Der personalisierte Impfstoff wird im Wirkstoffpeptidlabor und der sogenannten GMP-Einheit des Universitätsklinikums Tübingen hergestellt. Auch das für die Impfstudie verwendete Adjuvanz XS15 wurde in Tübingen entwickelt. „In präklinischen Untersuchungen und anderen klinischen Studien haben wir bei Impfungen mit XS15 starke T-Zellantworten beobachtet“, so Prof. Dr. Juliane Walz. Schwerwiegende Nebenwirkungen erwartetet die Forschungsgruppe keine, da der Impfstoff spezifisch für die Leukämiezellen „maßgeschneidert“ wird; dies konnte sich bereits in der laufenden Studie bestätigen.

Zur Studie:

Die Phase-I-Studie zur individualisierten Peptidvakzinierung von CLL-Patientinnen und -Patienten wird an der Medizinischen Universitätsklinik Tübingen durch die KKE Translationale Immunologie sowie am Robert-Bosch-Krankenhaus in Stuttgart durchgeführt.

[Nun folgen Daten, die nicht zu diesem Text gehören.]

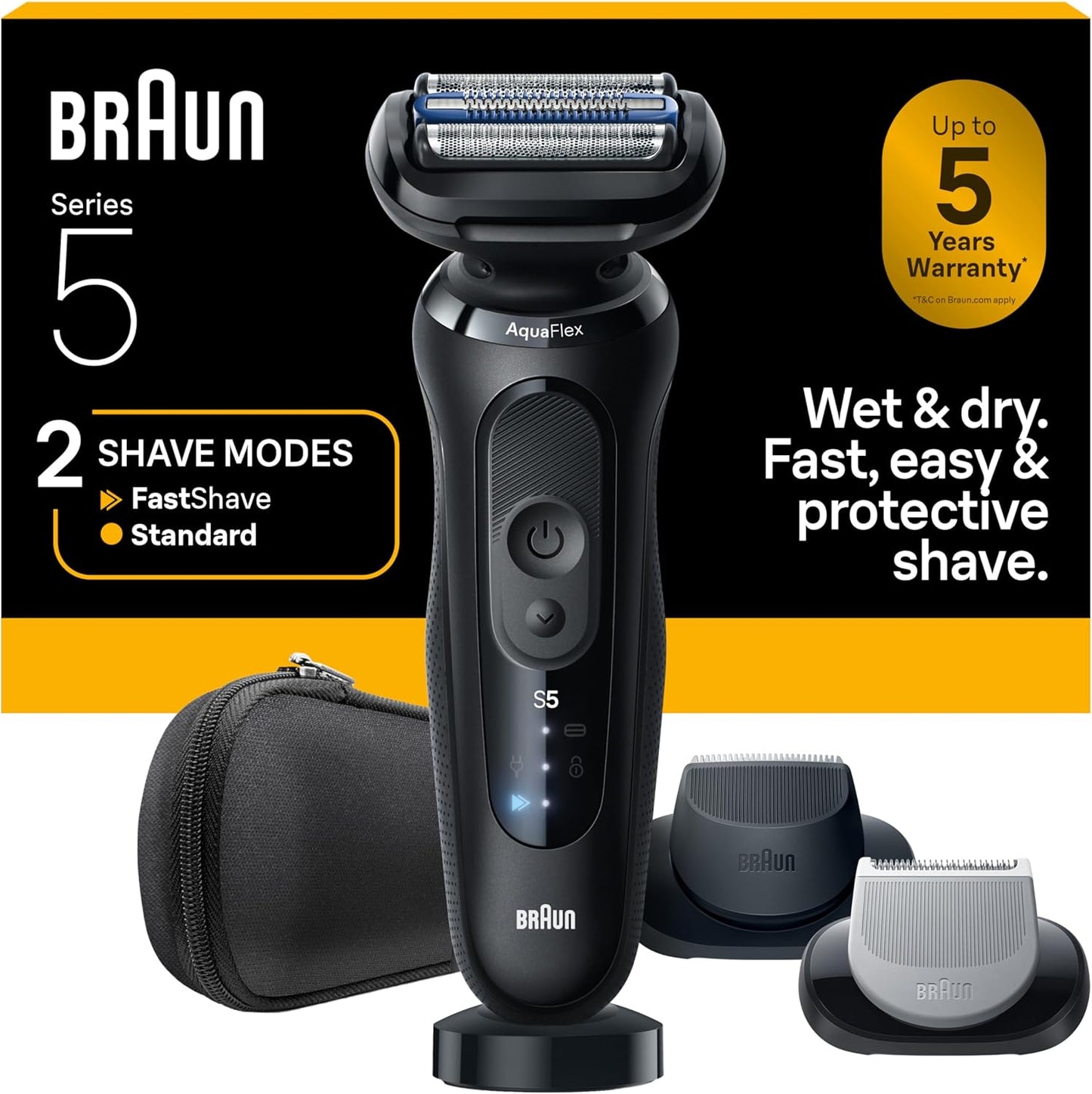 Braun Electric Razor for Men - Series 5 Beard Shaver with Body Groomer & Travel Case | S5 5155cs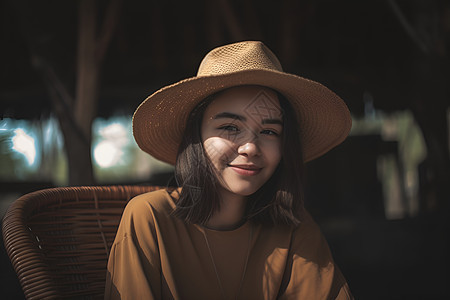 戴着帽子的女人图片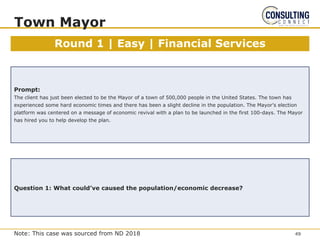 Round 1 | Easy | Financial Services
Town Mayor
Prompt:
The client has just been elected to be the Mayor of a town of 500,000 people in the United States. The town has
experienced some hard economic times and there has been a slight decline in the population. The Mayor’s election
platform was centered on a message of economic revival with a plan to be launched in the first 100-days. The Mayor
has hired you to help develop the plan.
Question 1: What could’ve caused the population/economic decrease?
49
Note: This case was sourced from ND 2018
 
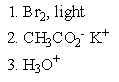 Several 2-arylpropanoic acids are used as analgesics (painkillers) .Three of these [Ibuprofen (= Advil) ,Naproxen (= Aleve) and Ketoprofen (= Orudis KT) ] are currently available in over-the-counter form.Which of the following sets of reagents would accomplish conversion of an ethyl aromatic to a 2-arylpropanoic acid?   A)    B)    C)    D)    E)  both A and B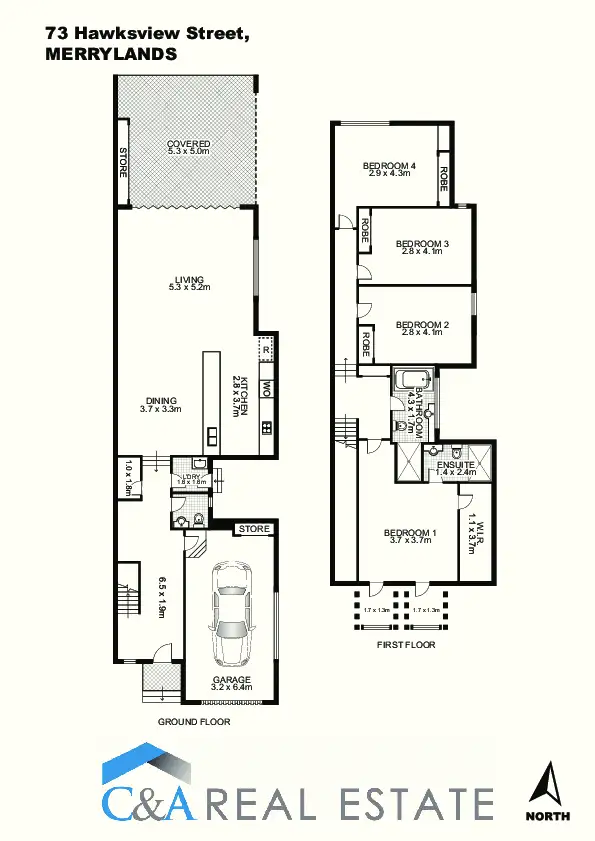 Floorplan of Homely semi-detached listing, 73 Hawksview St, Merrylands NSW 2160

Teilnehmen können erwachsene Patientinnen und Patienten, bei denen eine behandlungsbedürftige CLL-Erkrankung vorliegt und eine Therapie mit einem Bruton-Tyrosinkinase-Inhibitor (BTK) geplant ist. Nach dem bislang sehr vielversprechenden Studienverlauf und da bereits innerhalb eines halben Jahres mehr als die Hälfte der geplanten Patientinnen und Patienten rekrutiert werden konnte, wurden nun die Einschlusskriterien erweitert: Betroffene, die den neuen Tyrosin Kinase-Inhibitor Acalabrutinib erhalten, können nun auch an der Studie teilnehmen.

Vor Beginn der Behandlung mit einem Tyrosin Kinase-Inhibitor müssen die Patientinnen und Patienten einmalig zu einer Untersuchung ihrer CLL-Zellen in eines der beiden Studienzentren kommen. Dort werden mittels Blutabnahme die individuellen Antigene der Leukämiezellen im Labor analysiert (HLA-Ligandomanalyse), um so den individuellen Impfstoff herzustellen. Im Anschluss an diesen Termin kann die Standardtherapie mit Ibrutinib oder Acalabrutinib erfolgen. Diese Therapie kann auswärts, z. B. von einem niedergelassenen Hämatologen durchgeführt werden. Sechs bis acht Monate nach Beginn der Ibrutinib/Acalabrutinib-Therapie, wenn die CLL-Erkrankung ausreichend zurückgedrängt ist, erfolgt die personalisierte Impfung parallel zur Fortführung der Standardtherapie. Insgesamt erfolgen drei Impfungen in einem Abstand von vier Wochen, gefolgt von einer Nachbeobachtung über sechs Monate.